Browsing the archives for the Macbeth category.


doing the speech

Macbeth, Shakespeare, acting

If nothing else from this past weekend, I will never forget the experience of performing the “Tomorrow” speech. Not just standing there speaking memorized lines; just letting all the emotions flow through me and inform my voice, and being in that moment.

I’ve reread my first crack at interpreting the speech and I can see more clearly how this thing slides right into the scene. The first line, “She should have died hereafter”, is six iambic feet. Greenblatt and the other editors of my Norton Shakespeare stick the words at the end of the line, leaving a total pause of eight metrical feet between Seyton’s line “The Queen, my lord, is dead” and Macbeth’s first line. I was right about the pause, and it felt right on stage; I was not so right about delivering that first line quietly.

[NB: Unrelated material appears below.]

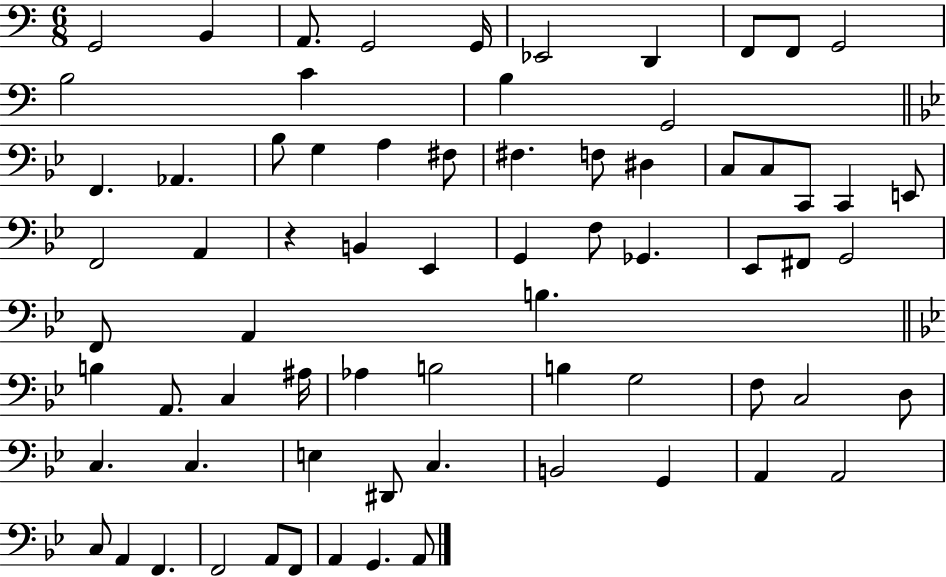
G2/h B2/q A2/e. G2/h G2/s Eb2/h D2/q F2/e F2/e G2/h B3/h C4/q B3/q G2/h F2/q. Ab2/q. Bb3/e G3/q A3/q F#3/e F#3/q. F3/e D#3/q C3/e C3/e C2/e C2/q E2/e F2/h A2/q R/q B2/q Eb2/q G2/q F3/e Gb2/q. Eb2/e F#2/e G2/h F2/e A2/q B3/q. B3/q A2/e. C3/q A#3/s Ab3/q B3/h B3/q G3/h F3/e C3/h D3/e C3/q. C3/q. E3/q D#2/e C3/q. B2/h G2/q A2/q A2/h C3/e A2/q F2/q. F2/h A2/e F2/e A2/q G2/q. A2/e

Macbeth has just found out, here, that his wife and partner has committed suicide. When I was up there letting this speech rip, I had in myself and in my voice despair and grief, at losing a loved one to suicide; guilt, that I should somehow have prevented it; anger, for all the injustices in my life, big or small; it was anything but quiet.

I can’t tell if it was overacting. All I can tell is that it changed slightly every time I performed it, but it was true to the moment. Performing this speech is not so much about the shoulds and the how-tos; it’s about letting the character’s emotions speak.